Government overturns House of Lords' Welfare Reform Bill defeats
Children's Commissioners express deep concerns about the impact of the Bill
The House of Commons has reversed all the defeats suffered by the government's Welfare Reform Bill in the House of Lords.
The amendments to the Bill made by the Lords were rejected and the original provisions reinstated. This included the peers' amendment that parents should not be charged for accessing the Child Support Agency. However, the government has undertaken to reduce the fee payable to £20.
For the BBC's report on the parliamentary proceedings, please click here.
Meanwhile, the four Children's Commissioners have expressed deep concerns about the impact of Welfare Reform Bill on children.
A statement by the Commissioners says:
"We, the UK's four Children's Commissioners, are deeply concerned at the serious negative impact of the proposals in the Welfare Reform Bill on hundreds of thousands of children.
"We urge the UK Government to reconsider its plans, specifically the £26,000 benefit cap to be imposed on families each year. The plan to reduce housing benefit payments and include child benefit within the cap limit will have a disproportionate impact on children.
"Families who receive welfare benefits are particularly vulnerable because they live in poverty - small changes in their household income can have a big effect on their welfare. We are concerned that many more families and their children will be pushed into absolute poverty over the coming years if these proposed changes go ahead.
"Moreover, we have concerns around the knock-on effect these changes are likely to have on other services, at a local authority level and within the third sector. This comes at a time when many of these services are facing reduced budgets with the prospect of capacity needing to be increased as a consequence of more families finding themselves in hardship.
"There is now a considerable body of evidence, including the Department for Work and Pensions' own Equality Impact Assessment that demonstrates the Bill's shortcomings in regards to children. The hardest hit by the UK Government's proposals are likely to be households with four or more children, those from some BME communities, children living with kinship carers, children with disabilities and those with disabled parents. In short the groups most at risk of living in poverty to begin with.

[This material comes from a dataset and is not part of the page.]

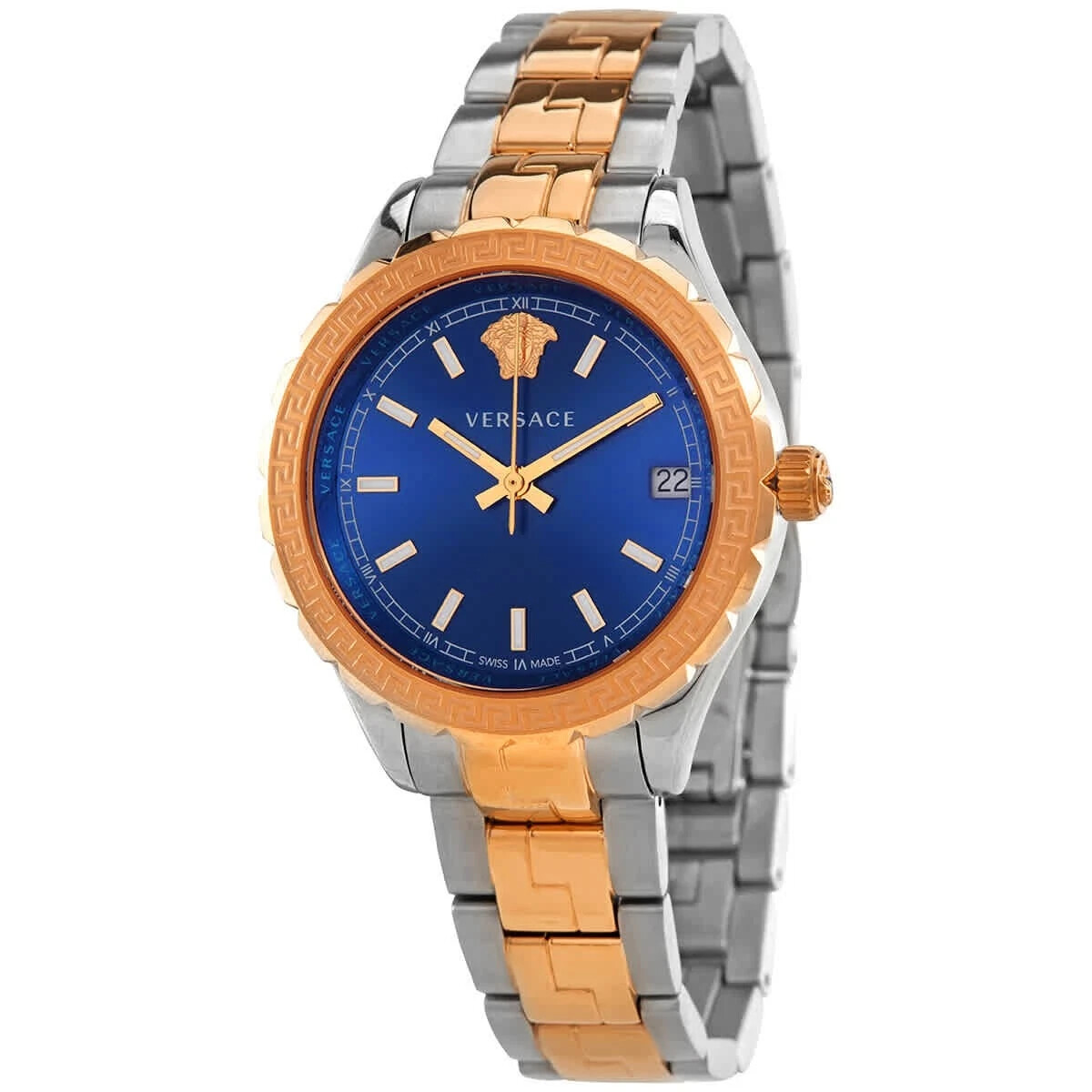 Versace Hellenyium Women\'s Blue Dial Two Tone Watch - V12060017 ($1430 MSRP)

"Our own assessment shows that the benefit cap would lead to homelessness, poor health and educational outcomes for children, as families living on low household incomes will need to divert money away from necessities for children's health and wellbeing such as heating, warm clothing, and nutritious food in order to cover their household costs.
"Children are rights-holders, and their rights are independent of those of their parents or carers. This principle is enshrined in domestic legislation, international human rights law and international treaties which the UK has signed-up to, including the UN Convention on the Rights of the Child (UNCRC). As a result, children's rights must be taken into account in the drafting of all legislation that affects them. Article 4 of the UNCRC states that the Government must take "all appropriate legislative, administrative and other measures" to ensure the realisation of rights protected under the UNCRC, and must also apply "the maximum extent of their available resources" to this purpose.
"We believe the UK Government should respect its obligations under the UNCRC and recommend that the government reconsider the planned cap on benefit payments because of the pernicious impact it will have on families."